"The Adventure of the Cardboard Box" is one of the 56 short Sherlock Holmes stories written by Sir Arthur Conan Doyle. The story was first published in The Strand Magazine in the United Kingdom in January 1893, and in Harper's Weekly in the United States on 14 January 1893. It is the second of twelve stories collected in The Memoirs of Sherlock Holmes in most British editions of the canon, and the second of the eight stories from His Last Bow in most American versions.

Synopsis
Miss Susan Cushing of Croydon receives a parcel in the post that contains two severed human ears packed in coarse salt. Inspector Lestrade of Scotland Yard suspects a prank by three medical students whom Miss Cushing was forced to evict because of their unruly behaviour. The parcel was sent from Belfast, the city of origin of one of the former boarders. Upon examining the parcel himself, Holmes is convinced that it is evidence of a serious crime. He reasons that a medical student with access to a dissection laboratory would likely use something other than plain salt to preserve human remains, and would be able to make a more precise cut than the roughly hacked ears suggest. The address on the package, roughly written and with a spelling correction, suggests to Holmes that the sender lacks education and is unfamiliar with Croydon. The knot in the string suggests to Holmes that they are looking for someone with sailing experience.
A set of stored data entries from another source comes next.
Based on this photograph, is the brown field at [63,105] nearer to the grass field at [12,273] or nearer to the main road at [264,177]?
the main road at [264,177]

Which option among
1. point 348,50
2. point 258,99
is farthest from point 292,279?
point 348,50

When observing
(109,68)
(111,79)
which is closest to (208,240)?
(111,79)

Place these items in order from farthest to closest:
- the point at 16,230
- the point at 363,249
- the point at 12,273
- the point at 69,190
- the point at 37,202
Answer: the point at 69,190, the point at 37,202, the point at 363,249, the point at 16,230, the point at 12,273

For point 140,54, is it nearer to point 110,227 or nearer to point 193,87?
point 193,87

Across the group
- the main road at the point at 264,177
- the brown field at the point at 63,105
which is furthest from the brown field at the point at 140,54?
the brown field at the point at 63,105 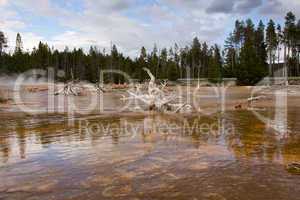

Holmes considers the solution so simple that he asks Lestrade not to mention his name in connection with it. A few simple questions to Miss Cushing, a few observations, a cable to Liverpool, and a visit to Miss Cushing's sister Sarah (Holmes was denied admittance by the doctor because she was having a "brain fever") convince Holmes that the ears belong to Miss Cushing's other sister, Mary, and her extramarital lover, and that they have been murdered. He is convinced that Mary's estranged husband, Jim Browner, is the murderer, and that Browner had sent the cardboard box containing the ears to the Cushings' house in Croydon (addressing it merely to "S. Cushing"), not realizing that Sarah was no longer resident there. Browner, who is an unpleasant man when drunk, had meant to horrify Sarah (rather than Susan) because he ultimately blamed Sarah for causing the trouble that culminated in his murder of his wife and her lover.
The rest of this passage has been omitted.